Segment Open
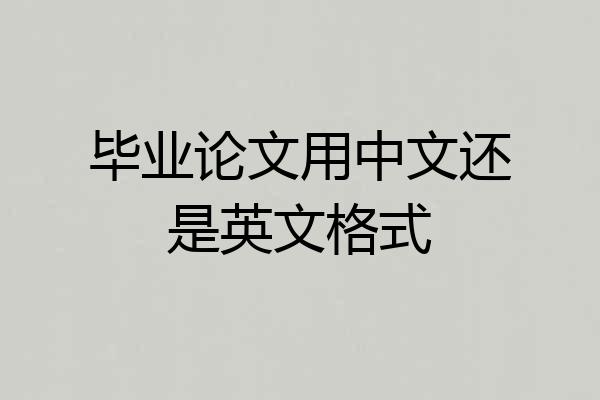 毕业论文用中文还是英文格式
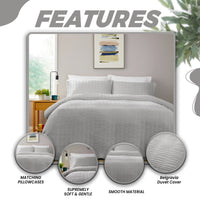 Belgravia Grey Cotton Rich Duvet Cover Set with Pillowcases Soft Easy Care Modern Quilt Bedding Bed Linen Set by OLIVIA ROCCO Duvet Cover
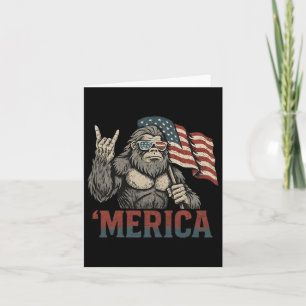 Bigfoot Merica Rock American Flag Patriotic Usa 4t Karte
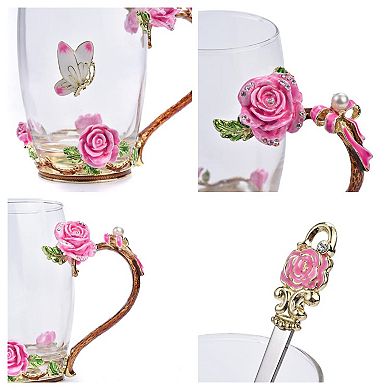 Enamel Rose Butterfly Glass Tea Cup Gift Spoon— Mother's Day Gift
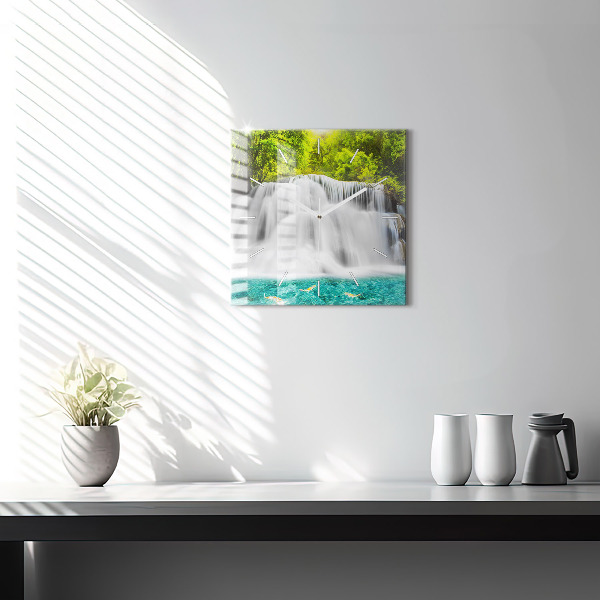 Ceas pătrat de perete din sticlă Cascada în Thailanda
Segment Closed
Segment Open
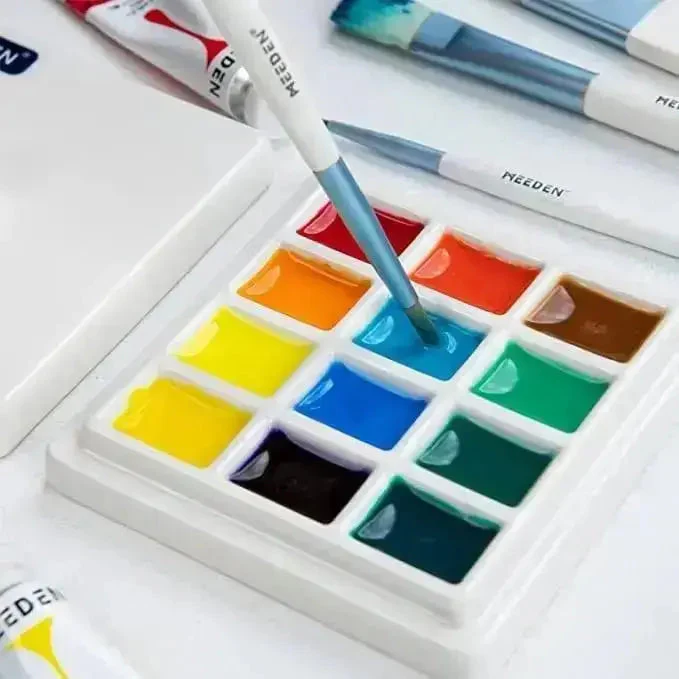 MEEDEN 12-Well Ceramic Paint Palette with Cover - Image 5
Segment Closed
### About this exercise:
Every line above between the one containing "Bigfoot Merica Rock" and the one containing "Ceas pătrat de", those two included, is to be printed exactly. No pictures go into the copy.

### Exercise answer:
 Bigfoot Merica Rock American Flag Patriotic Usa 4t Karte
 Enamel Rose Butterfly Glass Tea Cup Gift Spoon— Mother's Day Gift
 Ceas pătrat de perete din sticlă Cascada în Thailanda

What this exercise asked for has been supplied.